Won't bore anyone with the story of this hunt. I will say it was a blast, and a nice change up from hunting muleys. They are a much different animal to hunt as the mature bucks only give you about 10-15 minutes a day to hunt them.

A friend of mine and I went and did the December rifle hunt. Only downside is that most of the mature bucks will have broken antlers from fighting. One of the funner hunts I've done in a long time. 

One of the best parts of the hunt was hunting hard for our bucks for 5 days, and then returning on our last morning and tagging our doe that was part of the combo permit. Much better eating too!

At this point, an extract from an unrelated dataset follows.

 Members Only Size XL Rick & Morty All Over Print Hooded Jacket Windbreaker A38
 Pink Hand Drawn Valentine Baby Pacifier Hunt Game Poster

This was not a guided hunt, we did pay a trespass fee. And boy was it cold out there. Kansas is almost all private. The state does lease property from landowners so that the public can hunt if they don't have access to property. Not quite sure how good it is to hunt the state leased property. 

I am looking forward to doing this again!


----------



## outdoorser (Jan 14, 2013)

That there is AWESOME!! What rifle/caliber did you use? How far was the shot?


----------



## wyogoob (Sep 7, 2007)

Very nice deer, both of them.


----------



## Wind In His Hair (Dec 31, 2009)

Broken antlers are cool! They add character. 8)


----------



## BigT (Mar 11, 2011)

*Kansas Whitetail*

I apologize about posting it in the wrong section!

We both used a 7MM. My shot was 291 yards, and my friends was 320 yards. Both bucks were pretty heavy deer. Both were one shot kills... Lots of fun!


----------



## Springville Shooter (Oct 15, 2010)

Great report! Hunting whitetail is a lot of fun, and they don't present the management issues that mule deer do. I have hunted them a bunch out west and would like to try out the midwest sometime.-----SS


----------